> [TASK TO CARRY OUT] Return the listing that follows, word for word.

> [RECORDED INFORMATION]
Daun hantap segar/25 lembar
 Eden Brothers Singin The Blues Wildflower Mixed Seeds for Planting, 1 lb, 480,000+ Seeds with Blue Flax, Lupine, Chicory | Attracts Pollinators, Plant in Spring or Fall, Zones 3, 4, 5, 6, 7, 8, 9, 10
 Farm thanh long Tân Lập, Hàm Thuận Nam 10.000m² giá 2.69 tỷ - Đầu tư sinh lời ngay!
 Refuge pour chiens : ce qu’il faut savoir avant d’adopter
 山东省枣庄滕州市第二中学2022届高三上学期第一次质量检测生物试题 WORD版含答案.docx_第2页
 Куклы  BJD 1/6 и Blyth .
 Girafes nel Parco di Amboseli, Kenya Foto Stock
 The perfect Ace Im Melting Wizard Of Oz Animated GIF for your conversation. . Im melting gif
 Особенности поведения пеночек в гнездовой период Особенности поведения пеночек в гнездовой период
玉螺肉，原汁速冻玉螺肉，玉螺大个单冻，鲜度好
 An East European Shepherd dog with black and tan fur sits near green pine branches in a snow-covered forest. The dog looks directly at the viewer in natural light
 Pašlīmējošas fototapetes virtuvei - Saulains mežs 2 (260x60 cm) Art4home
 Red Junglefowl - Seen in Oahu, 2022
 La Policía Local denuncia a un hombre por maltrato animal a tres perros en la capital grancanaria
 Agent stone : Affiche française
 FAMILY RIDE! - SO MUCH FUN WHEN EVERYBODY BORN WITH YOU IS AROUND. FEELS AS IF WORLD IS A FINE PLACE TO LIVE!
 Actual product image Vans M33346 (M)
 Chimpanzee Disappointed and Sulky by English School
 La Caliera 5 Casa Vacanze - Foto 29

> [PROBLEM SOLUTION]
Daun hantap segar/25 lembar
 Eden Brothers Singin The Blues Wildflower Mixed Seeds for Planting, 1 lb, 480,000+ Seeds with Blue Flax, Lupine, Chicory | Attracts Pollinators, Plant in Spring or Fall, Zones 3, 4, 5, 6, 7, 8, 9, 10
 Farm thanh long Tân Lập, Hàm Thuận Nam 10.000m² giá 2.69 tỷ - Đầu tư sinh lời ngay!
 Refuge pour chiens : ce qu’il faut savoir avant d’adopter
 山东省枣庄滕州市第二中学2022届高三上学期第一次质量检测生物试题 WORD版含答案.docx_第2页
 Куклы  BJD 1/6 и Blyth .
 Girafes nel Parco di Amboseli, Kenya Foto Stock
 The perfect Ace Im Melting Wizard Of Oz Animated GIF for your conversation. . Im melting gif
 Особенности поведения пеночек в гнездовой период Особенности поведения пеночек в гнездовой период
玉螺肉，原汁速冻玉螺肉，玉螺大个单冻，鲜度好
 An East European Shepherd dog with black and tan fur sits near green pine branches in a snow-covered forest. The dog looks directly at the viewer in natural light
 Pašlīmējošas fototapetes virtuvei - Saulains mežs 2 (260x60 cm) Art4home
 Red Junglefowl - Seen in Oahu, 2022
 La Policía Local denuncia a un hombre por maltrato animal a tres perros en la capital grancanaria
 Agent stone : Affiche française
 FAMILY RIDE! - SO MUCH FUN WHEN EVERYBODY BORN WITH YOU IS AROUND. FEELS AS IF WORLD IS A FINE PLACE TO LIVE!
 Actual product image Vans M33346 (M)
 Chimpanzee Disappointed and Sulky by English School
 La Caliera 5 Casa Vacanze - Foto 29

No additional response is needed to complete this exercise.